24 November 2015

Bar Standards Board announces new governance structure

24 November 2015

The Bar Standards Board has adopted a new governance structure, which will be put in place over the coming months. 

The purpose behind the changes is to distinguish more clearly between policy- making and decision-making on individual cases and to ensure that all policy development is undertaken by the executive staff, led by the Director General, and directly overseen by the Board itself (which comprises eight lay members and seven barristers, under lay Chairmanship).

The Board believes that the changes it has in mind will further strengthen public confidence in the independence of the BSB and its ability to regulate the barrister profession to a consistently high standard.  

The changes will devolve many decisions currently reserved at Committee level onto our trained professional staff.  This should speed up case work and policy development and increase our adaptability and ability to respond to new regulatory demands.  The new arrangements are aimed at ensuring that we are a robust, independent, dependable and optimally-resourced organisation with a clear separation between policy and implementation.
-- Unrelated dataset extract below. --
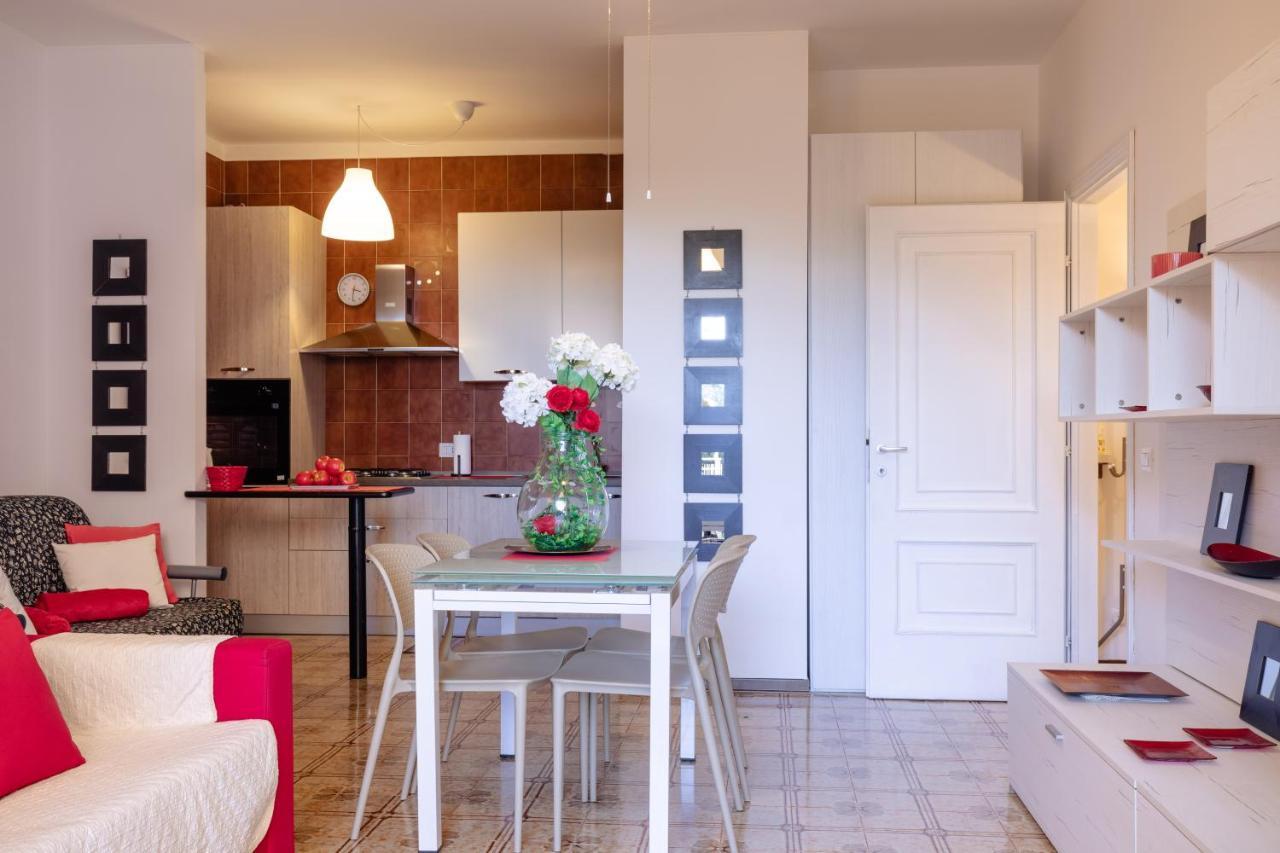 086 - Sunshine Home, 5 Minuti Dalla Spiaggia - Parcheggio Privato Gratis Incluso 오스페달레티 외부 사진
The governance structure will look quite different when the changes are completed.  The Board will have only two permanent committees in future:  one focusing on finance and one focusing on risk and assurance. 

The Board, the Executive and the two permanent Committees will be supported by:

  • a retained pool of independent subject matter experts, including members of the Bar as well as lay figures with other kinds of relevant expertise;
  • arm's-length decision-making Panels (together with the Bar Tribunals and Adjudication Service, BTAS, run in conjunction with the Inns of Court) to provide independence in our regulatory decision-making as it affects individuals, and to provide a means to review staff-based decision-making.
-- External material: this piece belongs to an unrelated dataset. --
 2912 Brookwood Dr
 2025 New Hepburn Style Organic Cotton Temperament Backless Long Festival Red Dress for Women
Policy development and decision-making on individual cases will be undertaken by the executive so far as that is possible. Where independence is required, an arm's-length panel will be used. In time, this will include activities currently undertaken by operational committees within the BSB, such as the Professional Conduct and Qualifications Committees.  The final shape, form and size of these arm's length panels has not yet been decided. 

These changes will take places in stages.  The first changes will affect our Standards, Equality and Diversity, and Supervision Committees, which will be disbanded at the end of 2015.  The Education and Training Committee will remain in existence to underpin the policy development required in the Future Bar Training Programme.  Its terms of reference and membership will be refreshed in order to complement our programme management arrangements for FBT but the Committee will only remain in existence for as long as necessary to complete that programme.
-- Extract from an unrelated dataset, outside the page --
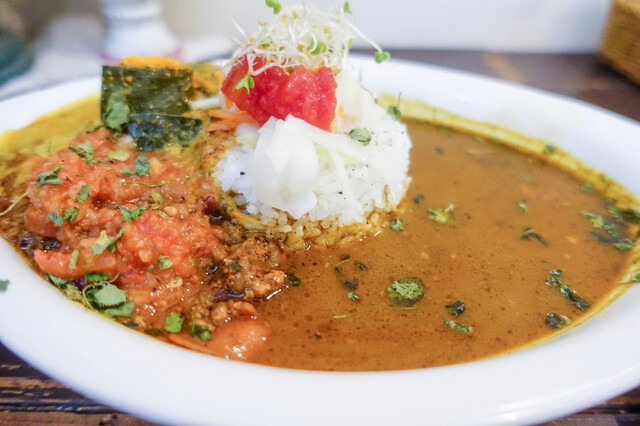 日替わりキーマ+ヤム野菜カレー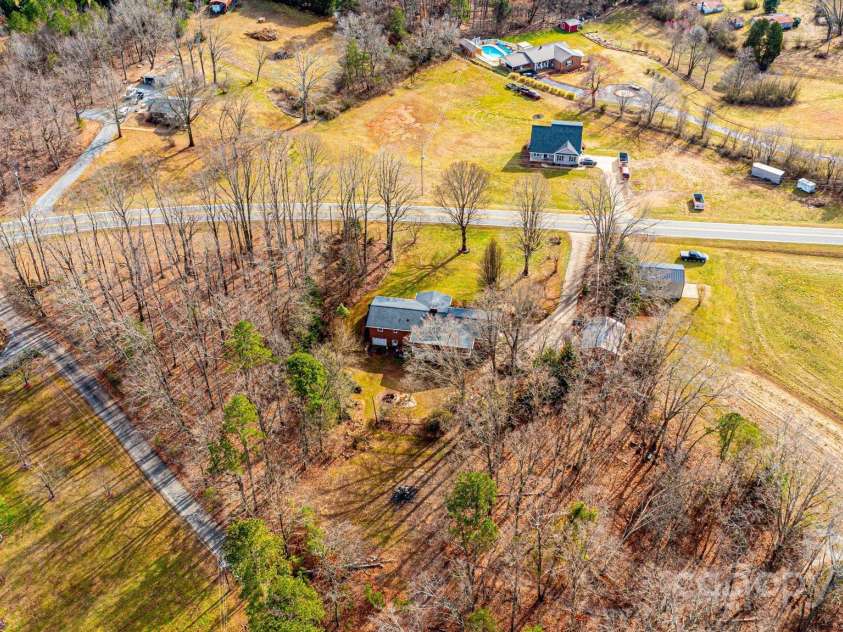 6000 George Hildebran School Road, Hickory, NC 28602.  MLS# CAR4221676, YatesRealty ID 9341.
The Qualifications and Professional Conduct Committees will continue to operate broadly along the same lines as they currently do, for at least the next 18 months.  Opportunities to increase staff decision-making will be explored but major structural changes will require BSB Handbook amendment, a process which necessarily takes more time. 

The Board will review its own size, role and composition as these new governance arrangements take effect.   

These changes mark a significant new stage in the evolution of the Bar Standards Board, reflecting its need to be flexible and able to adapt to a wide variety of circumstances.  The Board is confident that these changes equip us better to fulfil our vision of becoming a more modern and efficient regulator.